The Vale Press, founded by Charles Ricketts (1866 – 1931) with Charles Shannon (1863 – 1937), based their types on 15th-century calligraphy. They published literary classics, which allowed them to focus on the design and layout of the works. Together, they also worked with theatrical costume design and production.
Esther Levi Pissarro nèe Bensusan (1870 – 1951) Pissarro née Bensusan founded the Eragny Press with her husband Lucien Pissarro (1863–1944). Thye produced books illustrated with colour wood-engravings. Esther created the wood engravings from Lucien’s designs. Eragny Press shared type with Vale for a time.
The Ashendene Press was a small private press founded by Charles Harald St John Hornby (1867–1946). It operated from 1895 to 1915 in Chelsea, London and was revived after World War I in 1920, but closed in 1935. It specialized in publishing poetry books and folio versions of classic literature.
In 1902, Elizabeth (1868 – 1940) and her sister Lily Yeats (1866 – 1949) joined Evelyn Gleeson (1855 – 1944) in establishing a craft studio at Dundrum, near Dublin, called Dun Emer. This specialized in printing and other crafts, with Elizabeth in charge of the printing press. Activities took place in Gleeson’s large house, in which a crafts group provided training and work for young women in: bookbinding, printing, weaving and embroidery. They could also live in the house. Bookbinding workshops were a later addition to the studio. Dun Emer was named after the Irish mythical Emer, a figure famous for her artistic skills and beauty. The title-page device of the Dun Emer Press was designed by Elinor Mary Darwin (née Monsell; 1879–1954) and shows Emer standing underneath a tree. The focus of the Press was on publishing literary work by Irish authors. Jack Butler Yeats (1871 – 1957) did much of the illustration work.
Epilogue
Today, using typefaces is easy. Everyone can set up their own press, especially if the product is digital. Even the McLellans did it. In the mid 1990s, we formed Fjellheim Institutt, named after the official name of our house, to produce Åndelig Dyder: En familiehåndbok = Spiritual virtues: a family handbook (literal translation), = The Virtues Guide, by Linda Kavelin Popov, Dan Popov and John Kavelin, in 1996 – a century after Kelmscott Press closed. The book was printed on paper, typically in small quantities, in Steinkjer. Its purpose was never to made a profit, but to ensure that Norwegian families could introduce ethical concepts to their children.
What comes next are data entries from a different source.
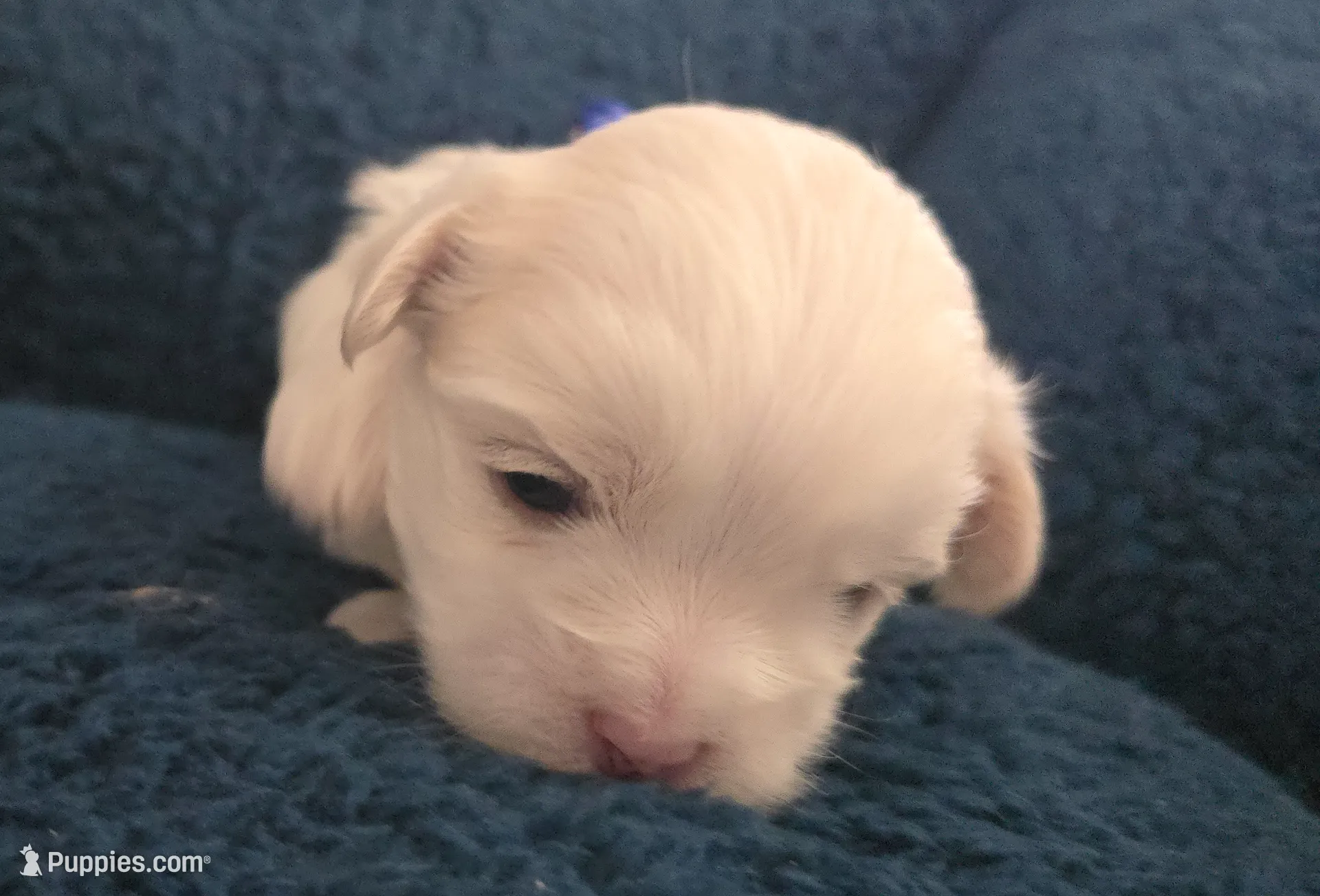 processed/2cf2c0ec-8239-4e2a-8300-dca1eeaa4b59/listing/c6611a58-98ee-4a60-8ef1-3a07ee3fb8b3/2df8f28c-406f-4fcd-93ca-82fc1b06dabe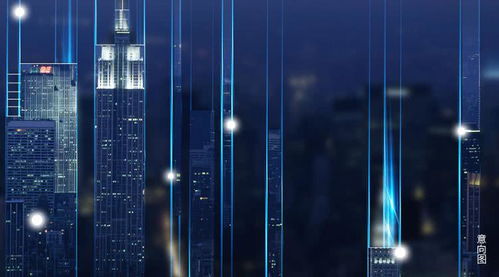 上海民政局，城市温度的守护者—揭秘上海民政服务的创新与挑战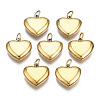 316 Surgical Stainless Steel Charms STAS-N097-045-1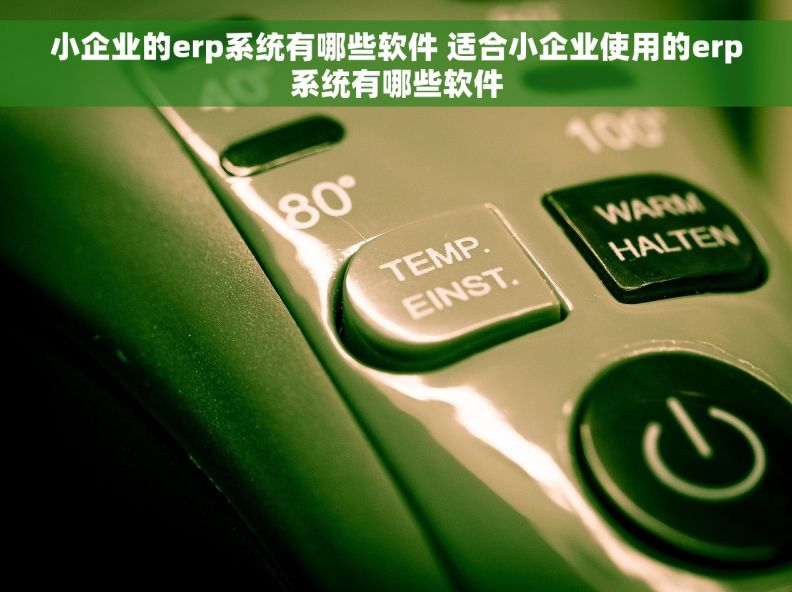 小企业的erp系统有哪些软件 适合小企业使用的erp系统有哪些软件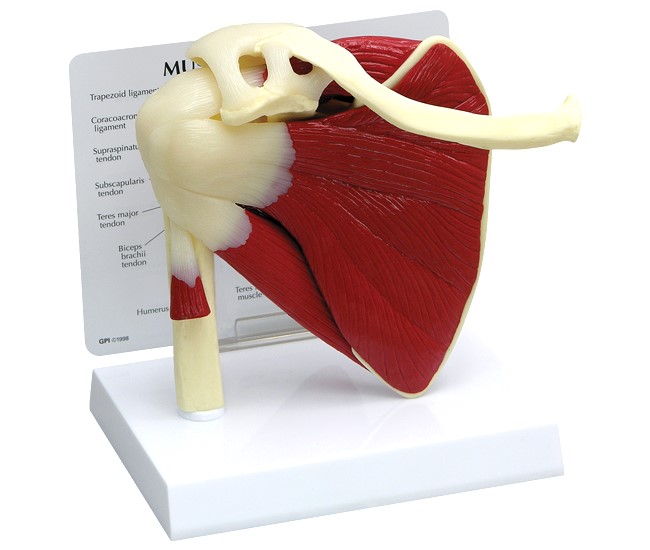 Muscled Shoulder Model with Base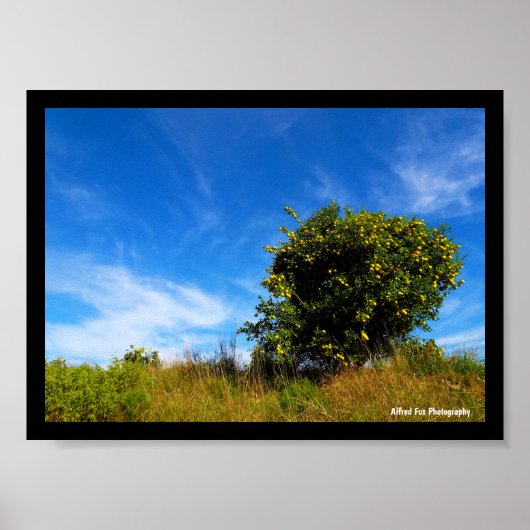 Eenzame Mandarinboom Poster (Voorkant)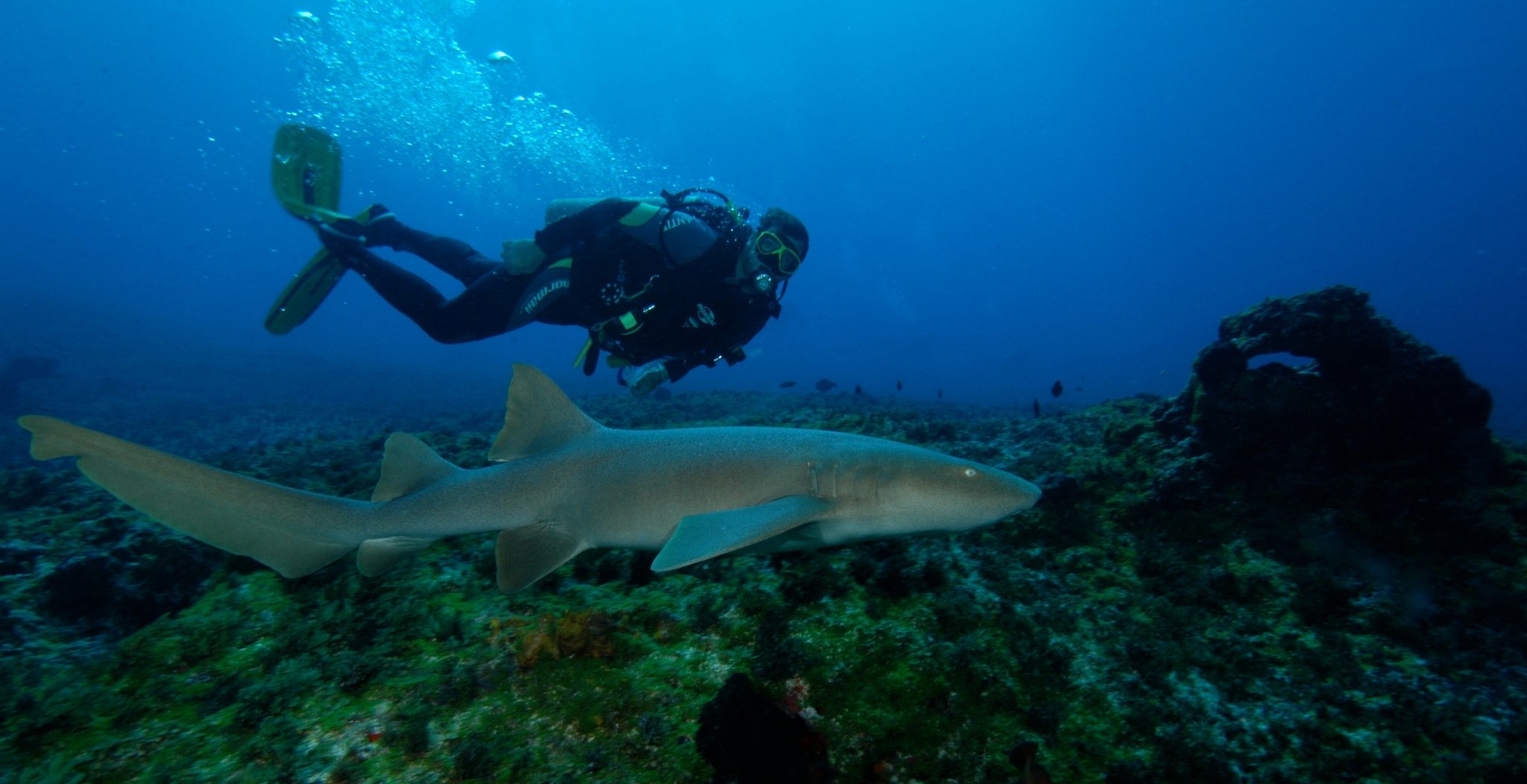 A scuba diver hovers above an algae-covered reef while a large reef shark glides past in the clear blue water, a highlight of the 2-Day Diving Package in Fernando de Noronha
We still have a few copies, that we give away when opportunities arise.
Even in the mid 1980s it was possible to obtain professional typesetting quality from a computer, as long as that computer was an Apple Macintosh, an Atari 1040ST or a Commodore Amiga. We owned an Amiga.
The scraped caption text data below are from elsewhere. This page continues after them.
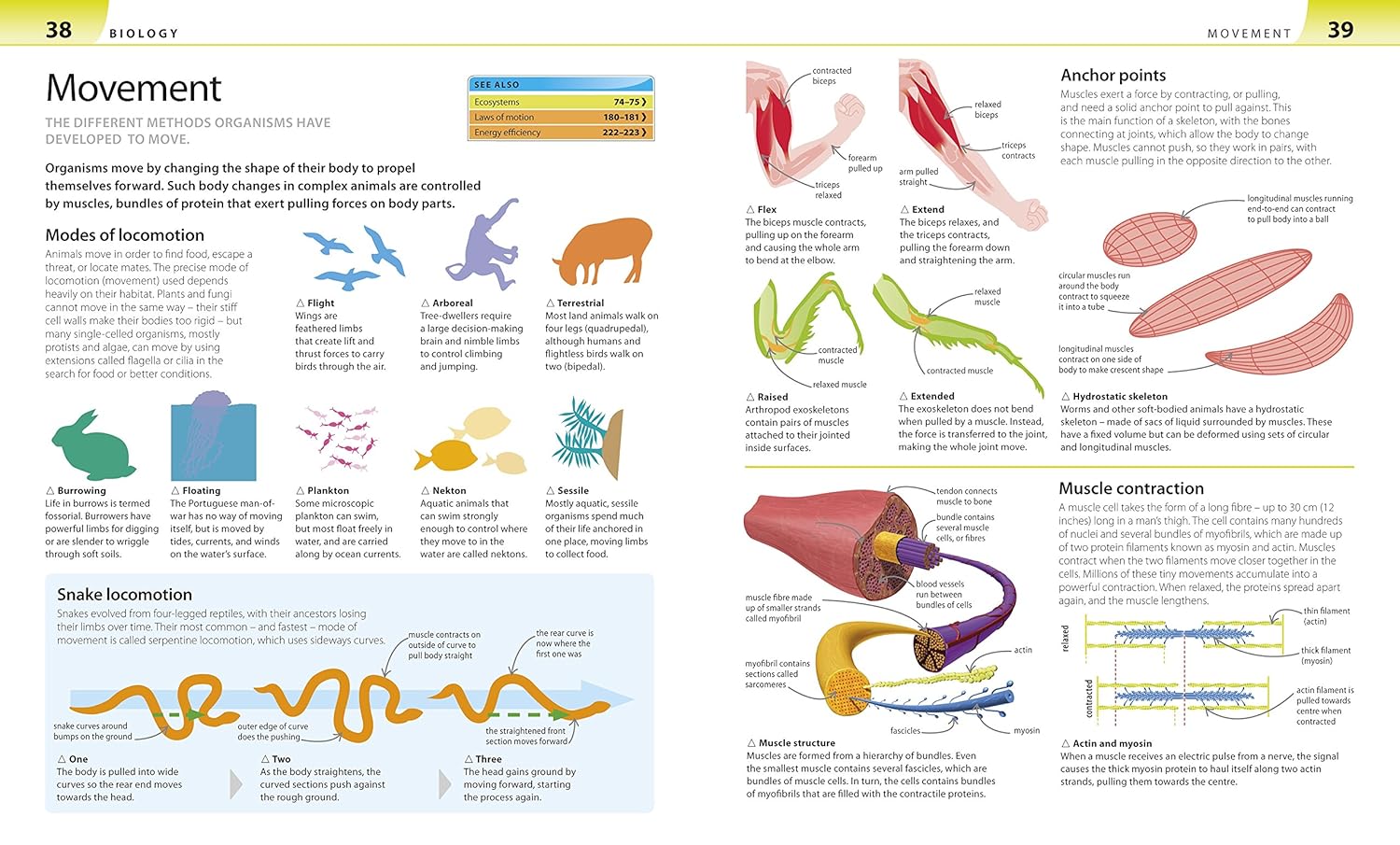 Help Your Kids with Science: A Unique Step-by-Step Visual Guide, Revision and Reference-10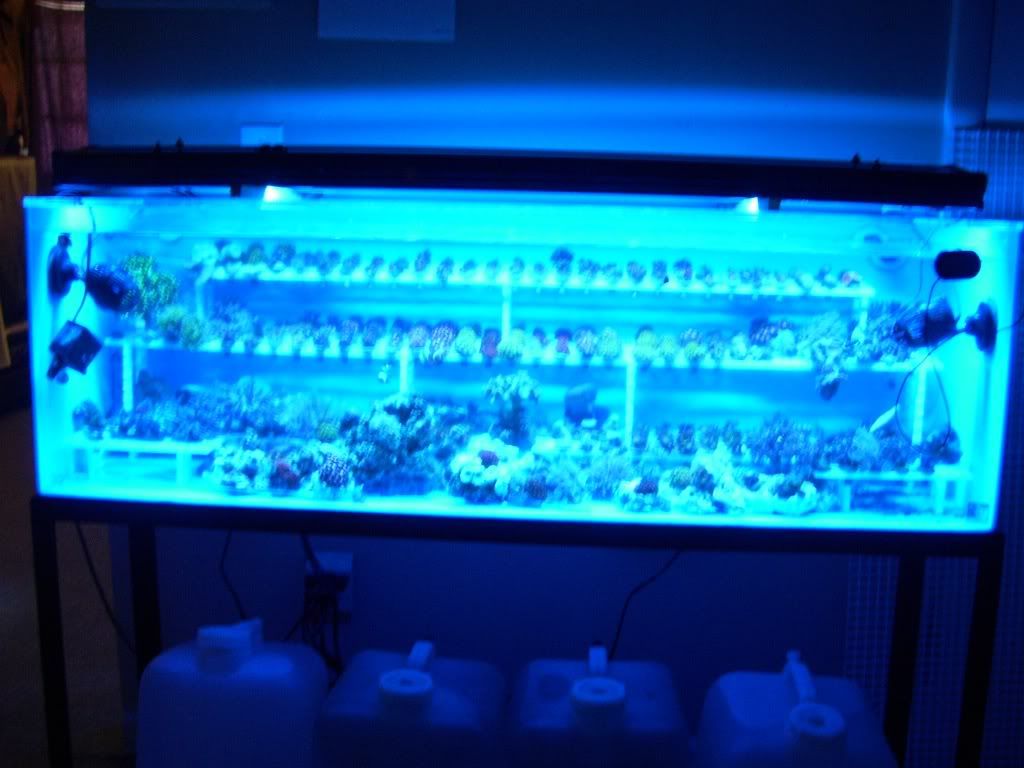 100_2687.jpg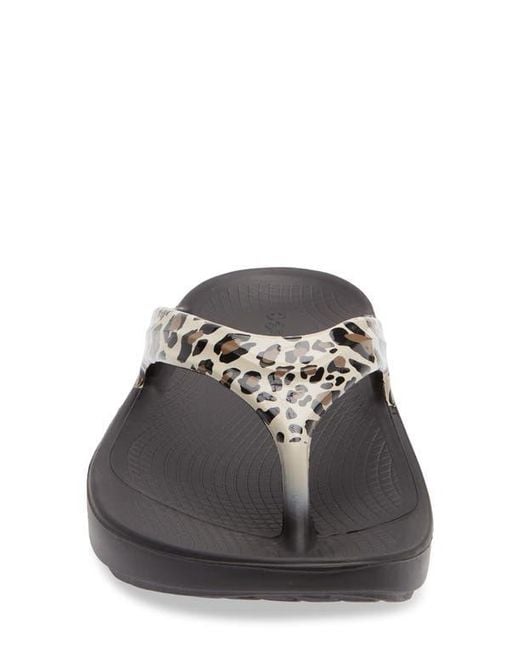 OOFOS Gray Oolala Flip Flop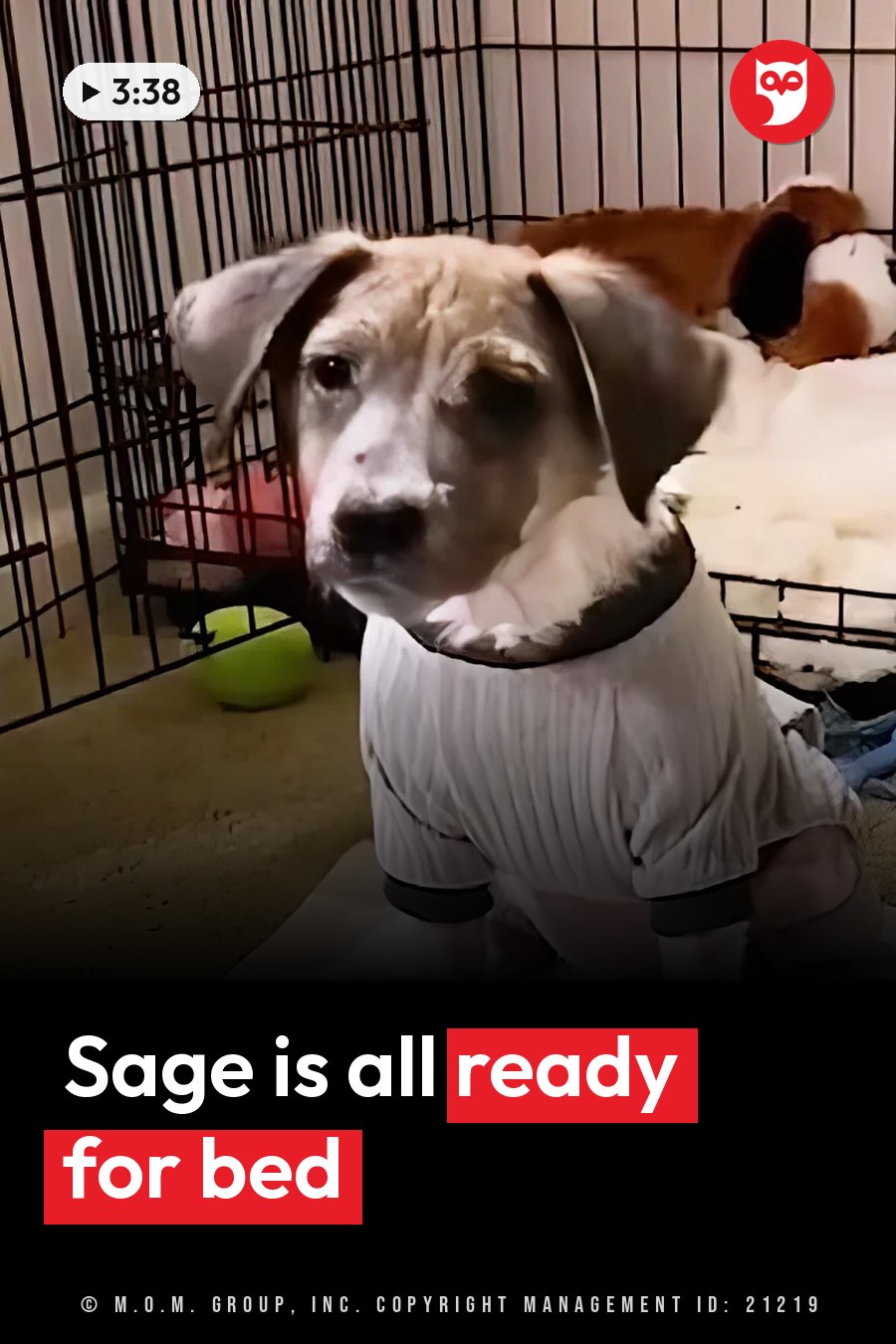 A small dog in a white shirt sits inside a cage with toys nearby. A headline runs in white letters across the lower third.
Today, it is not the computer that sets the limits, but the software. The first desktop publishing software we used was Aldus PageMaker 5.0, which was introduced in 1993. Aldus was founded by Paul Brainerd (1947 – ) and others in Seattle in 1984. It was acquired by Adobe Systems in 1994. The company was named after 15th-century Venetian printer Aldus Manutius. The program was replaced by InDesign in 2001.
Today Adobe does not sell stand alone copies of its software products, but forces people to work with its cloud environment, making it inherently unsafe. Perhaps the most accessible desktop publishing program is Scribus, a free and open source program, supported on at least 13 operating systems. It offers a vector drawing tool, supports multiple file types, and supports over 200 colors in its palette. It was also one of the world’s first software to support the PDF/X-3 format conversion.
Today, our publication efforts focus on our blogs.